3. Il appartient toutefois à la cour, saisie de l'ensemble du litige par l'effet dévolutif de l'appel, d'examiner les autres moyens invoqués par M. B....

4. En premier lieu, la décision en litige a été signée par Mme D... A..., cheffe de bureau de l'asile et de l'éloignement, qui a reçu délégation de signature par arrêté du 24 août 2020 publié au recueil des actes administratifs du même jour. Elle n'est dès lors pas entachée d'incompétence.

5. En deuxième lieu, il ressort des pièces du dossier que, si l'épouse de M. B... est également présente sur le territoire avec leur fille adoptive dont l'état de santé nécessite une prise en charge médicale, l'avis du collège des médecins de l'Office français de l'immigration et de l'intégration (OFII) produit par le préfet de la Haute-Savoie, indique que l'état de santé de cette enfant nécessite une prise en charge médicale dont le défaut ne devrait pas entraîner des conséquences d'une exceptionnelle gravité et peut lui permettre de voyager sans risque vers le Kosovo.

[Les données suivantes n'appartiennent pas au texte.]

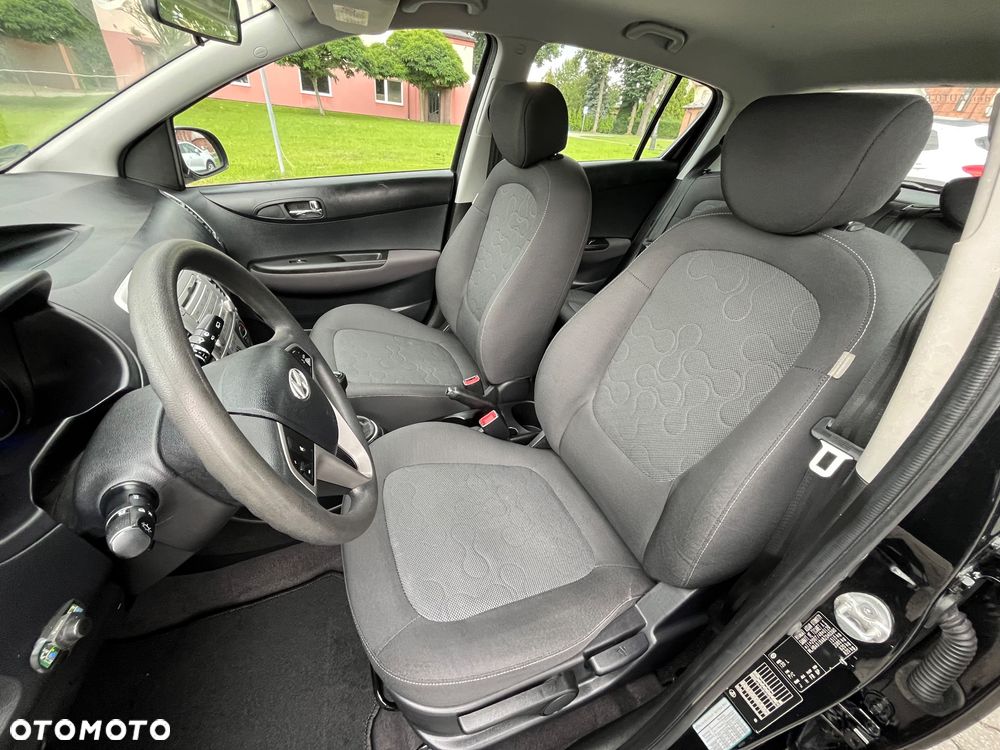 Hyundai i20 1.2 FIFA WM Edition - 17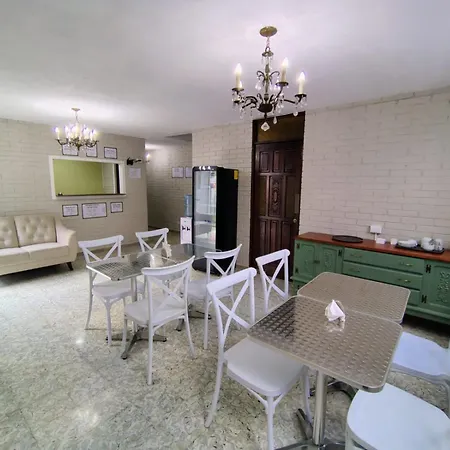 Hotel Urban Home-2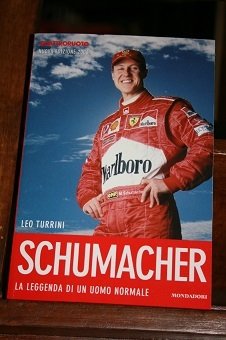 Schumacher. La leggenda di un uomo normale.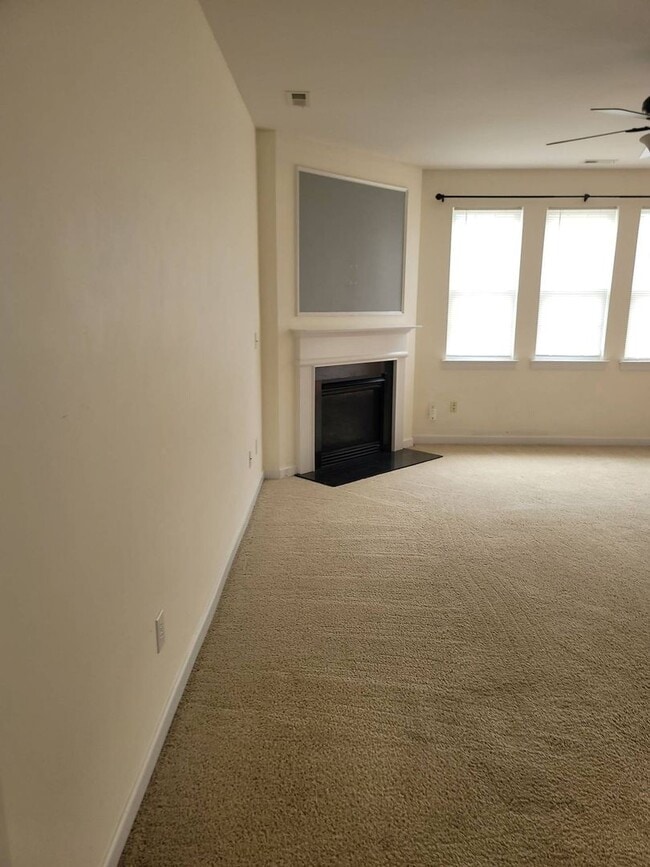 Building Photo - Nice Townhome off Providence Rd/485 South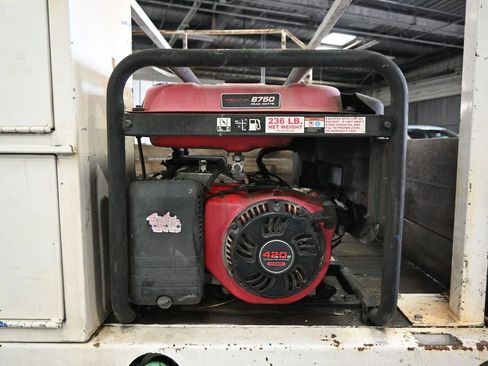 Used 2021 Ford F550 2WD Regular Cab Super Duty image 27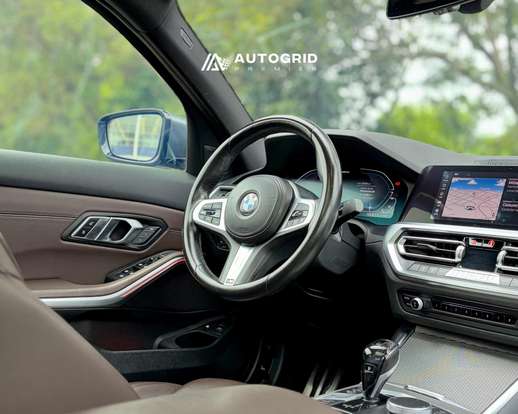 BMW-330e-2022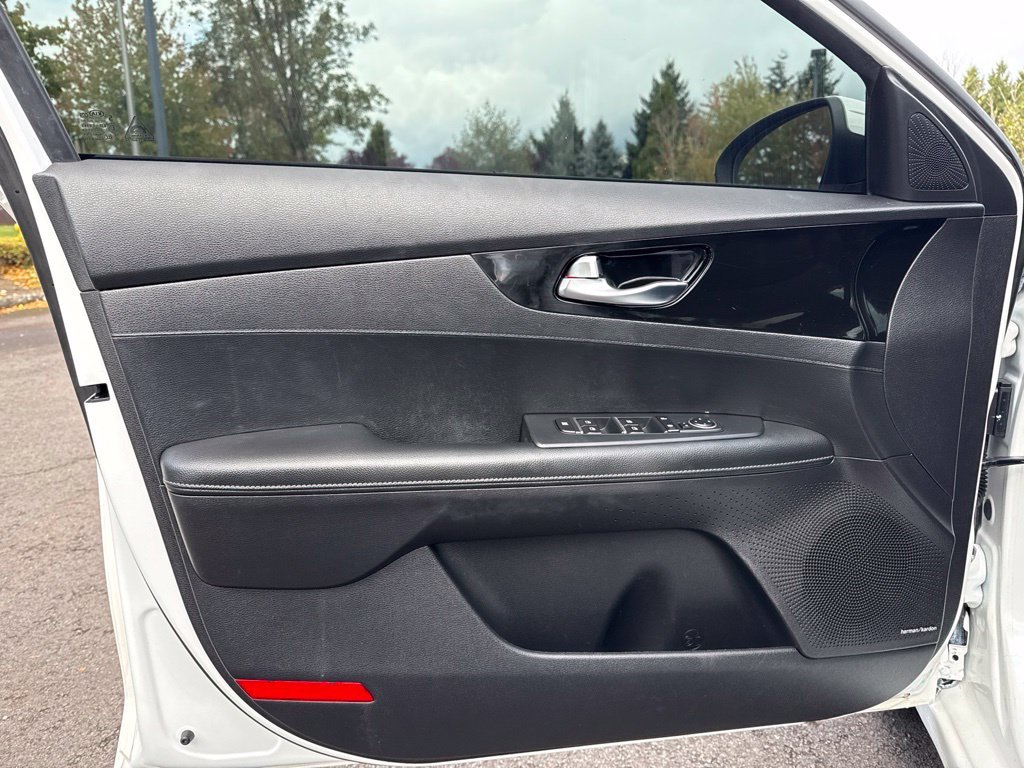 Used 2021 Snow White Pearl Kia EX image 18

Par suite, et dès lors que l'épouse de M. B... est également en situation irrégulière, et alors que la séparation d'avec son épouse et leur fille résulte de la nécessité dans laquelle il se trouve de se soumettre à l'obligation de quitter sans délai le territoire et non pas de l'interdiction de retour qui ne peut prendre effet qu'à compter de l'exécution de l'éloignement, la décision lui faisant interdiction de retour sur le territoire français ne méconnaît pas les dispositions alors codifiées au III de l'article L. 511-1 du code de l'entrée et du séjour des étrangers et du droit d'asile et il ne ressort pas de la décision en litige que le préfet de la Haute-Savoie se soit abstenu d'examiner la situation personnelle de M. B....

6. En troisième lieu, aux termes de l'article 8 de la convention européenne de sauvegarde des droits de l'homme et des libertés fondamentales : " 1. Toute personne a droit au respect de sa vie privée et familiale (...). 2. Il ne peut y avoir ingérence d'une autorité publique dans l'exercice de ce droit que pour autant que cette ingérence est prévue par la loi et qu'elle constitue une mesure qui, dans une société démocratique, est nécessaire (...) au bien-être économique du pays, à la défense de l'ordre et à la prévention des infractions pénales, à la protection de la santé ou de la morale ou à la protection des droits et libertés d'autrui ". Compte tenu de l'entrée particulièrement récente de M. B... sur le territoire français, de la circonstance que son épouse est également en séjour irrégulier et de la possibilité de reconstituer la cellule familiale dans le pays d'origine des intéressés, et alors qu'ainsi qu'il a été dit au point 5 la séparation éventuelle d'avec son épouse et leur fille résulte de la nécessité dans laquelle il se trouve de se soumettre à l'obligation de quitter sans délai le territoire et non pas de l'interdiction de retour, cette interdiction de retour sur le territoire français n'a pas méconnu les stipulations précitées. En l'absence d'autres éléments, cette décision n'est pas davantage entachée d'erreur manifeste d'appréciation.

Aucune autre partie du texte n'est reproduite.